- _ACTIVITY_: Within the listing below, please copy exactly the lines between the line holding "Cyberflage, variant on" and the line holding "dodge viper srt10 3D Model", inclusive.

- _RECORDS FOR THIS EXERCISE_:
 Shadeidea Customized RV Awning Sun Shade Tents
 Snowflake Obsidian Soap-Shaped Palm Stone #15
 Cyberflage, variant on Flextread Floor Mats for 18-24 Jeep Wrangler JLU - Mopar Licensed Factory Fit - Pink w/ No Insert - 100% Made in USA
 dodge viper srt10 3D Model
---
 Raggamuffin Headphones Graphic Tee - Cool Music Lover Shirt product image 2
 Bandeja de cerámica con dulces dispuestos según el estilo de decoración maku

- _EXERCISE RESULT_:
 Cyberflage, variant on Flextread Floor Mats for 18-24 Jeep Wrangler JLU - Mopar Licensed Factory Fit - Pink w/ No Insert - 100% Made in USA
 dodge viper srt10 3D Model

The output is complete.